Oddly enough that prognosis finds an unusual agreement between Ismail Haniyeh, the Gaza-based leader of Hamas, and Isaac Herzog, the Israeli opposition leader, with both these bitter rivals convinced that what we are seeing are the opening salvoes of the third intifada.

Before examining whether that indeed is the dangerous route on which the region is now embarked, let me just say that the latest outbreak of violence has been predicted by local observers for months now.

During a visit I made in June to Jerusalem and the West Bank, both Israeli and Palestinian political leaders and activists not only told me they were expecting a major eruption of violence within a maximum of eighteen months, but in some instances accurately outlined the shape the current violence is now taking.

That shape over the last few days has been defined by seemingly random, spontaneous, individual attacks and street protests instigated by a largely leaderless and disillusioned Palestinian youth. And it is this very loose almost spur of the moment nature of these actions that makes it difficult to see this as a third intifada.

As someone who witnessed first-hand the previous two intifadas that erupted in 1987 and 2000, I too am firmly in the camp of those analysts who find the characteristics of the current protests to be different from their predecessors.

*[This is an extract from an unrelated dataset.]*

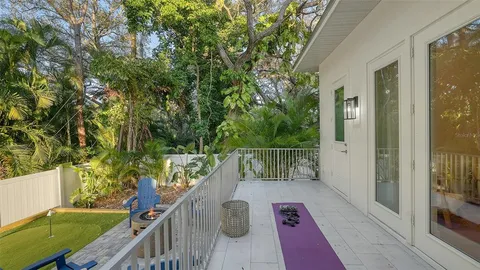 $2,995,000 | 1537 Siesta Drive, Sarasota, FL 34239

Deriving from the Arabic terms nefada meaning to “shake off”, the latest actions and protests while themselves an expression of Palestinian anger, frustration and desire to shake off the Israeli occupation, appear to lack the cohesive structure of organised resistance that were the hallmarks of last two intifadas. I well remember talking with local leaders during the 1987 intifada who described to me the creation of what was called the ‘United National Leadership’ that emerged barely a month after the uprising began.

Throughout that intifada and indeed during the second in 2000, I spoke with many Palestinian activists who explained the extensive and often sophisticated network that supported the uprising. They told of the creation of People’s Committees, Action Committees and even something called Shock Committees, who took the action to the streets and drafted communiques that provided direction and impetus.

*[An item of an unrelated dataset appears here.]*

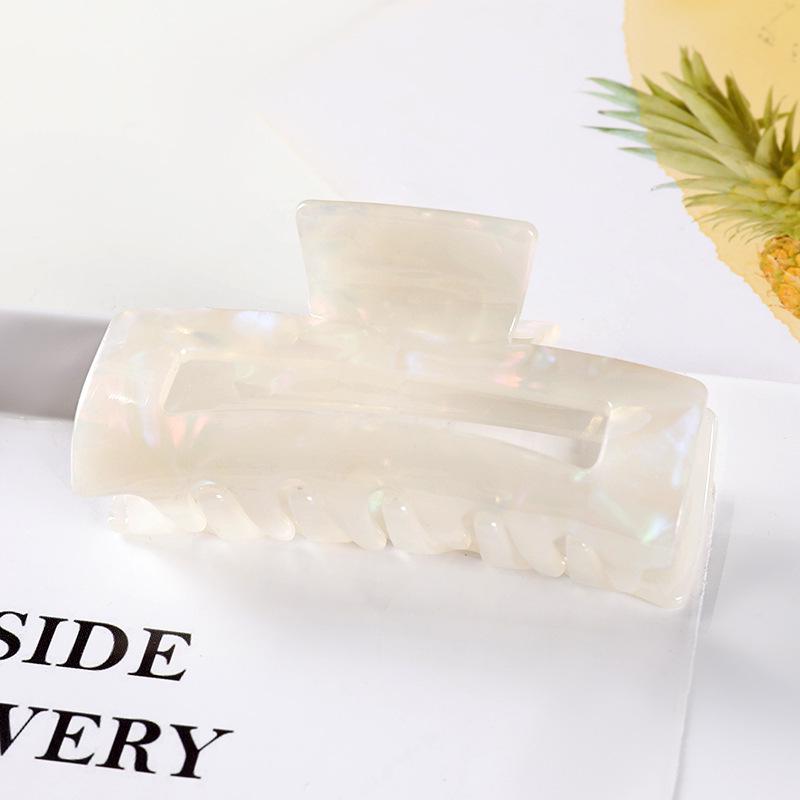 European & American Women’s Black & White Checkered Hair Clip - Large Acetate Acrylic Claw for Bun Hairstyles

Not for a moment am I saying that such a level of organisation no longer exists, for the Palestinians have long maintained such activist structures, but today’s actions seem less underpinned by civil society and militant groups.

Instead it is being generated by a new generation for whom the political dynamics and conditions of the occupation they face have changed since the days of the past intifadas.

As Dr Nadia Naser-Najjab associate research fellow at the European Centre of Palestine Studies at the University of Exeter put it recently, this is a younger generation who have not issued one single appeal to the Palestinian political leadership. The reason for this simple, many have become very disillusioned with the old guard like Mahmoud Abbas, the Palestinian president and bodies like the PLO and Palestinian Authority (PA).

The extent of this scepticism was vividly summed up in a quote the other day from a young Palestinian man interviewed by a journalist from Foreign Policy magazine on the streets of the fiercely contested Jabal al-Mukaber district near Jerusalem.

“The first intifada gave us the Palestinian Authority, the Third Intifada, maybe we’ll give it back,” he quipped cynically.

If this is indeed a third intifada then it is one purely a product of the streets, coming from a generation of Palestinians who because of Israel’s apartheid style rule in the occupied territories are more divided geographically than ever and subsequently less politically cohesive.

Most significant of all it would be an uprising largely carried by its own momentum and seemingly without any credible leadership. And therein lies a worry for the Palestinian cause, the existence of a power and leadership vacuum that could so easily be exploited by the likes of groups like Islamic State (IS). Any serious courting of this kind of support would spell disaster for the credibility and justice of the Palestinian cause.

During my visit in June and while in the city of Ramallah more than one veteran senior Palestinian activist I met flagged up their concern in this regard.

For its part the Israeli government’s latest response to recent events once again makes clear how it derives from a dogged and unyielding colonial mindset. More than ever given the complexion of Israeli politics today and the influence of militant settlers on that political process, we can expect the current Palestinian unrest to be engaged as ever with blunt force.

During the first intifada, then defence minister, Yitzak Rabin, called upon the Israeli army to “break the bones” of Palestinian protesters. Right now it will be more of the same except perhaps carried out with even greater robustness. Meanwhile of course the international community, to use an Arab expression, sits on its hands.